# RECORDS TO USE
[Start of Attachment]
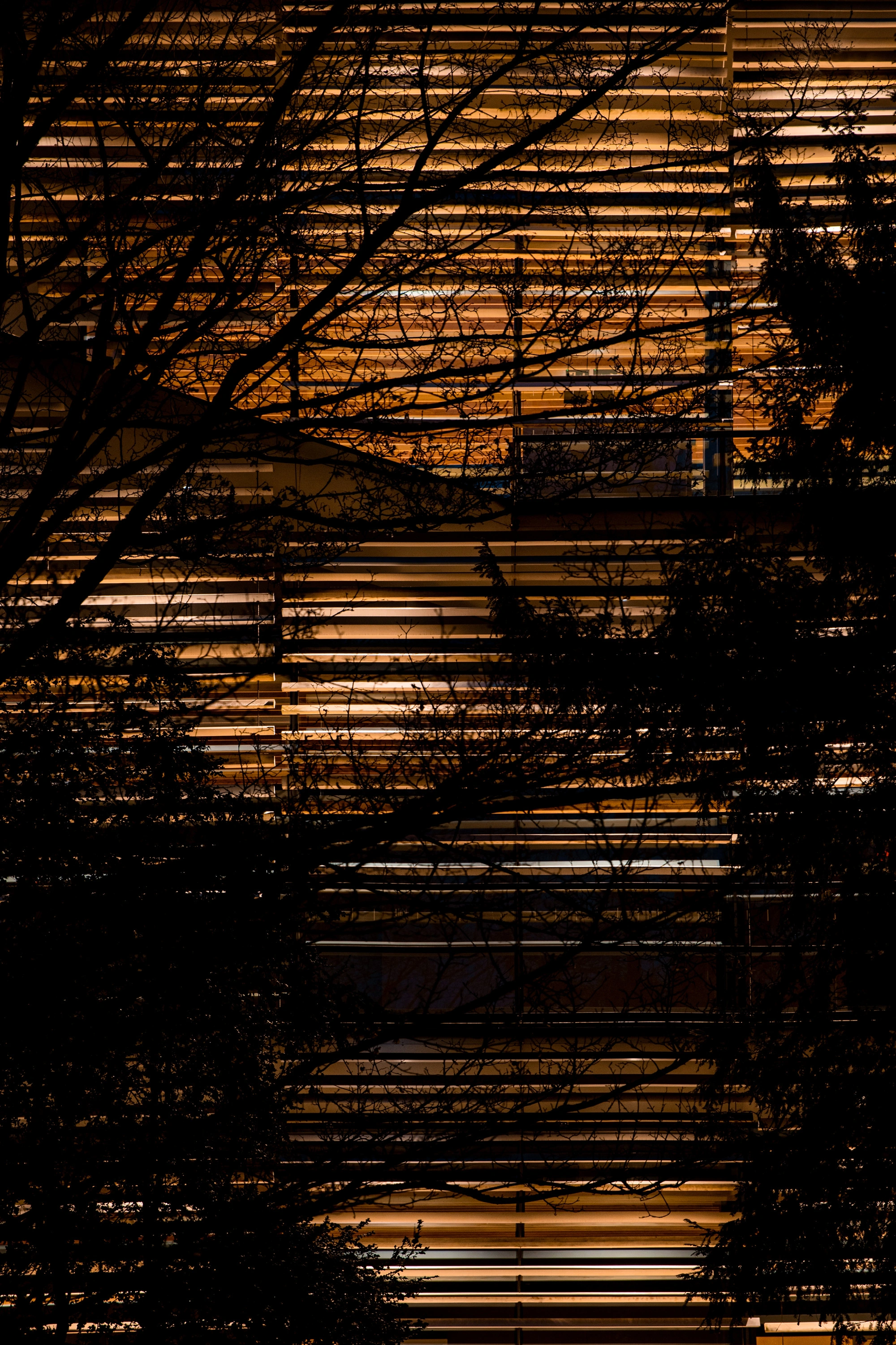 Albert Kahn Museum by Kengo Kuma & Associates — Golden-hour backlighting illuminates the museum's continuous horizontal aluminum striations, their linear rhythm interrupted by bare tree branches...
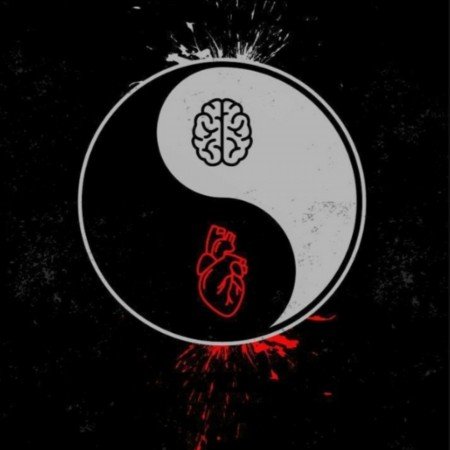  عکس های قلب شکسته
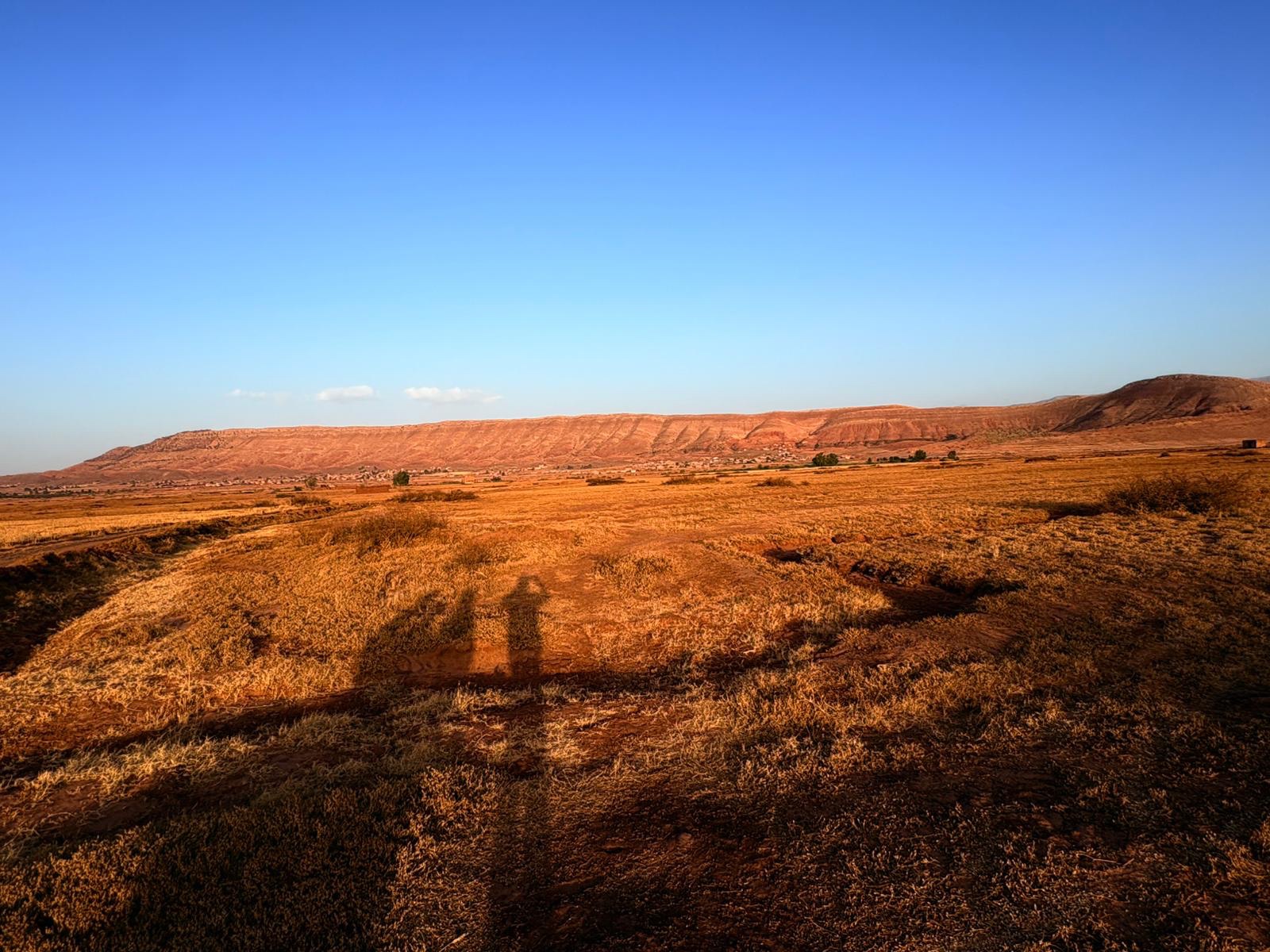 Terrain agricole 1,8 ha à vendre, Route Ouarzazate, Marrakech — miniature 2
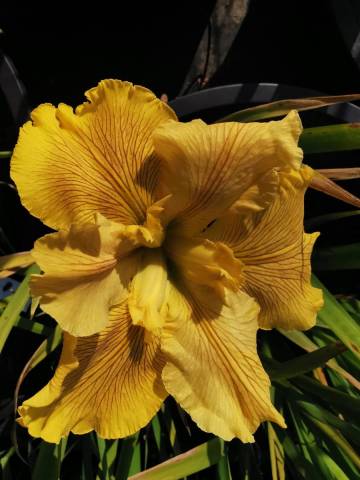 Iris louisiana 'Acacia Rhumba'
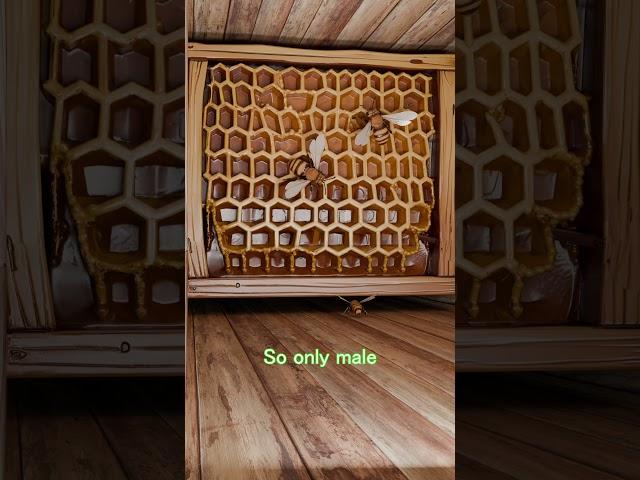 What Happens When the Queen Bee Dies?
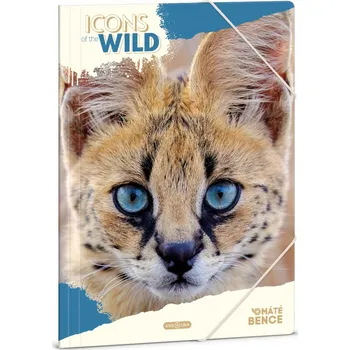 Desky s gumou A4 ARS UNA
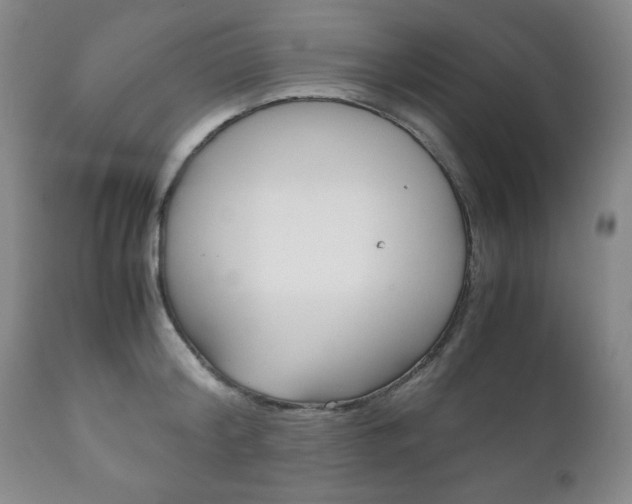 X0000111120804200906301040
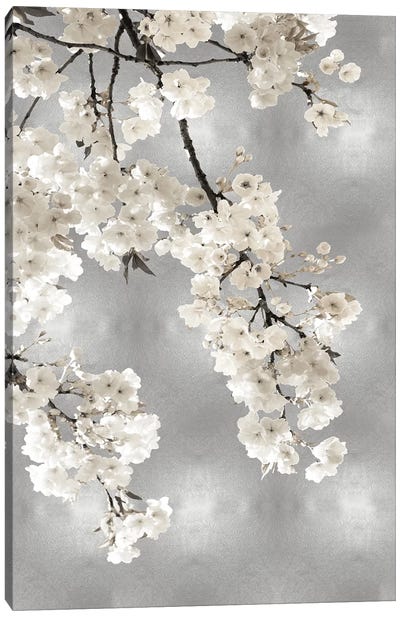 White Blossoms on Silver I Canvas Art Print - Zen Décor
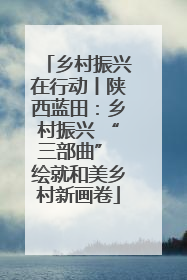 乡村振兴在行动丨陕西蓝田：乡村振兴 “三部曲” 绘就和美乡村新画卷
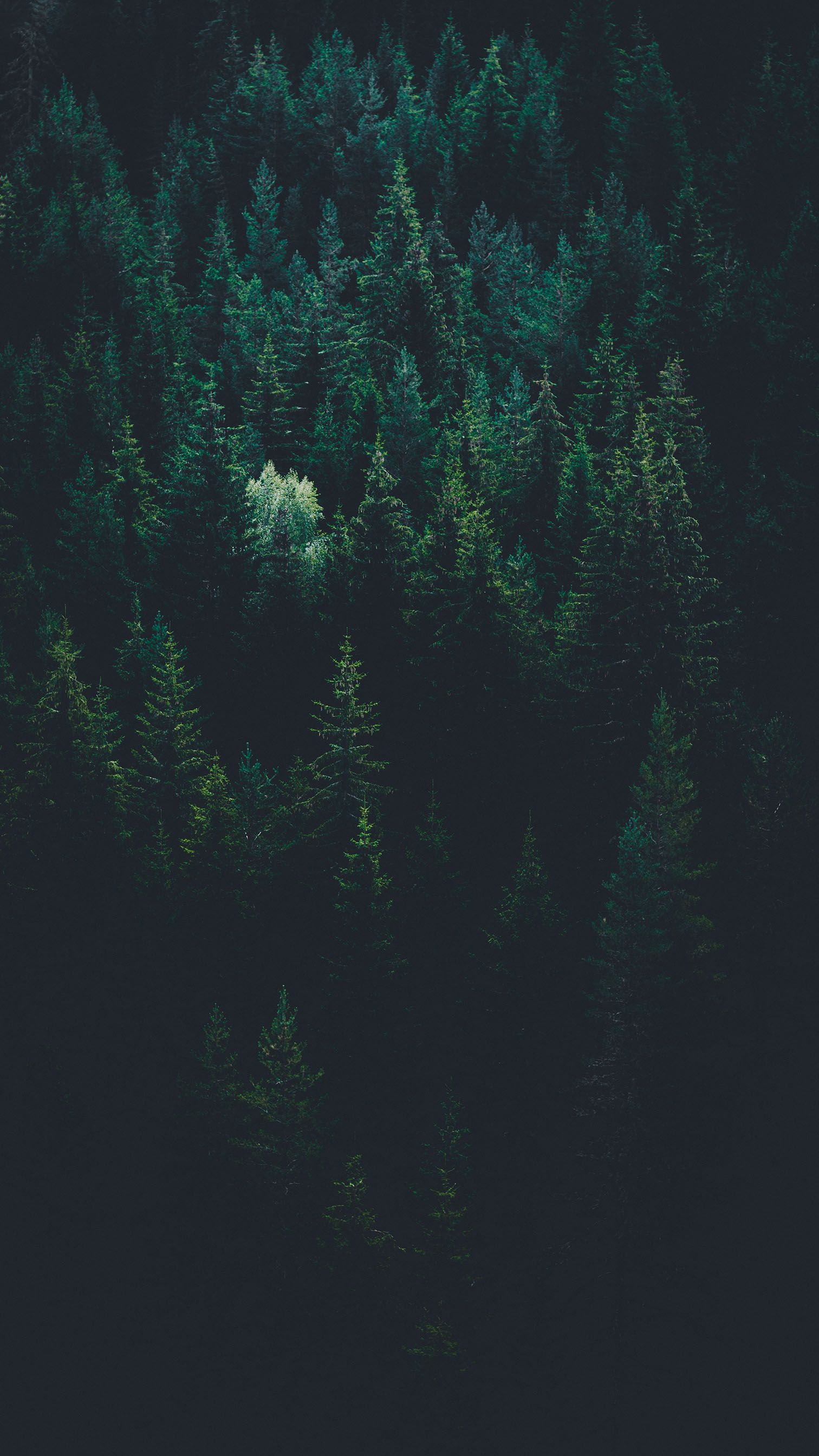 Midnight Green Wallpapers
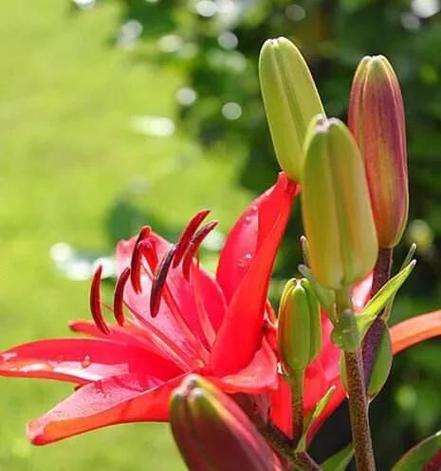 桃李花象征着什么？它的花语和含义是什么？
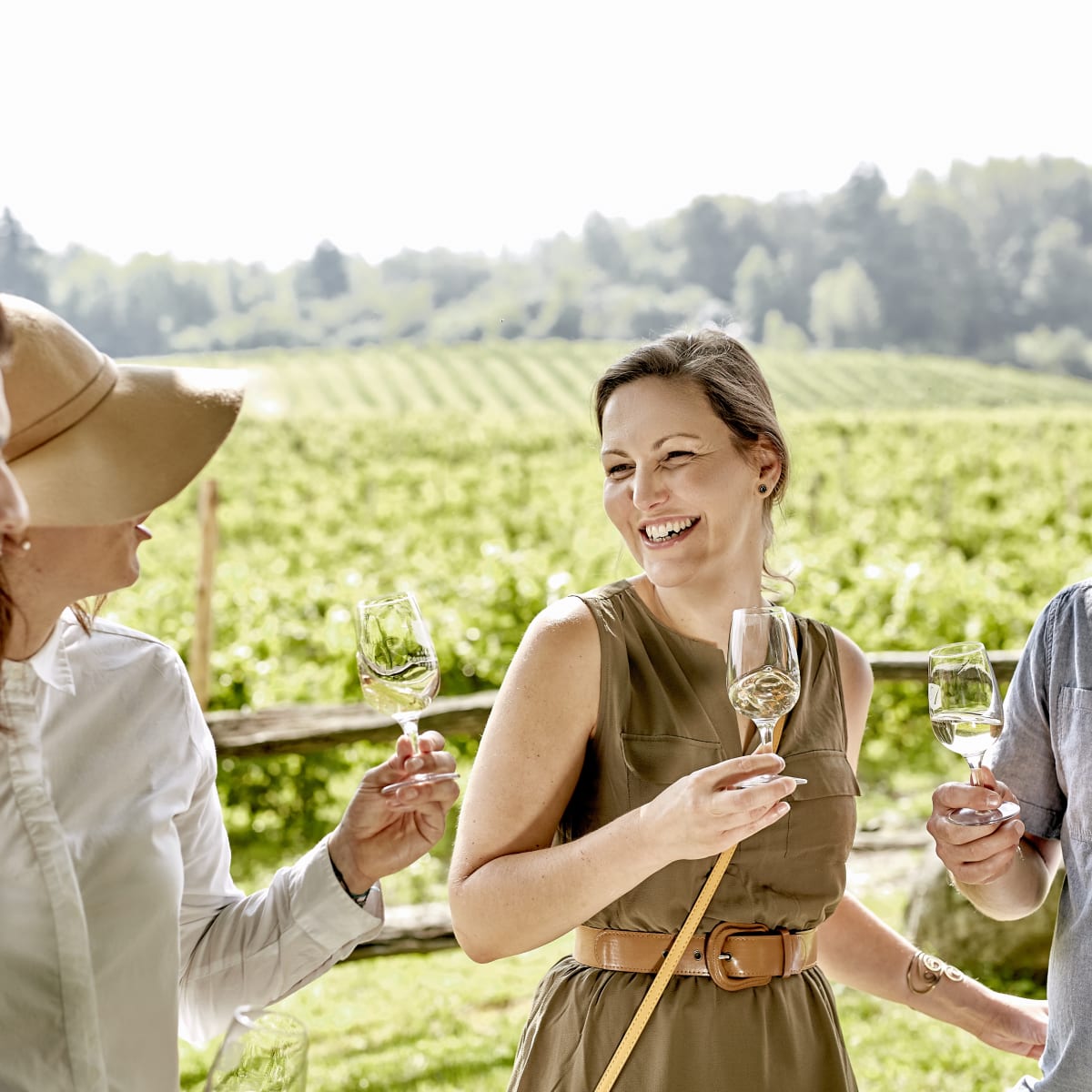 Brome-Missisquoi Wine Route - Wine tasting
[End of Attachment]
# HOW TO COMPLETE THIS TASK
From the line containing "Desky s gumou A4 ARS UNA" down to the final line of the listing above, write out only those lines exactly as they are, minus the pictures.

# SOLUTION TO THIS TASK
 Desky s gumou A4 ARS UNA
 X0000111120804200906301040
 White Blossoms on Silver I Canvas Art Print - Zen Décor
 乡村振兴在行动丨陕西蓝田：乡村振兴 “三部曲” 绘就和美乡村新画卷
 Midnight Green Wallpapers
 桃李花象征着什么？它的花语和含义是什么？
 Brome-Missisquoi Wine Route - Wine tasting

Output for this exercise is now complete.